Странная история произошла со мной на этой почве во время блокады. Однажды весною 42-го я возвращался из школы домой, и у наших ворот мне повстречалась женщина. Она поинтересовалась, есть ли у меня тетради для школьных занятий и прочие канцелярские принадлежности. Я ответил, что нет. Тогда она пригласила меня к себе, через уличную парадную, ту, что слева от ворот. В таких квартирах я еще не бывал. В полутемных комнатах с бархатными портьерами сверкали люстры, стояла старинная мебель красного дерева, шкафы, набитые книгами, огромный письменный стол под зеленым сукном, с бронзовыми украшениями. Вот к этому столу и подвела меня женщина и, указав на целую стопку переплетенных тетрадей, блокнотов, альбомов, сказала: «– Выбирай». Я выбрал большой настольный блокнот в толстом коленкоровом переплете с лоснящейся плотной бумагой. «– Хорошо, – сказала женщина. – Это называется бювар. Но завтра из школы ты принесешь мне свою порцию хлеба, хорошо? Я буду тебя встречать».
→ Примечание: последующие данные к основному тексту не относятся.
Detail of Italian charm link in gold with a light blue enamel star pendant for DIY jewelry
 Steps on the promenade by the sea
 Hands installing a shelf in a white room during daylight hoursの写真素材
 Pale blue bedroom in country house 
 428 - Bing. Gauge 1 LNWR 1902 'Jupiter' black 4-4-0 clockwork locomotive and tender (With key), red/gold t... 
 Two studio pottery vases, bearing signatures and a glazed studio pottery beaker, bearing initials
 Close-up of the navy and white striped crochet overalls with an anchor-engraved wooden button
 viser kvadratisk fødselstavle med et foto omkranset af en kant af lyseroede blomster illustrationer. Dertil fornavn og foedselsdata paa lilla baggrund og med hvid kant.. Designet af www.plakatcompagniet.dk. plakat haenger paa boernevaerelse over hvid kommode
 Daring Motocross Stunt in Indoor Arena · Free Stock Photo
Что и говорить, назавтра я съел свой школьный паек, как всегда, в один присест, и крошек не осталось. Только потом я вспомнил про долг, но раскаяния не испытал, а лишь страх. На мое счастье женщины у ворот не было. И в другие дни не хватало сил отказаться от своего куска хлеба: будь что будет! Я готов был вернуть бювар, но женщины у ворот больше не встречал.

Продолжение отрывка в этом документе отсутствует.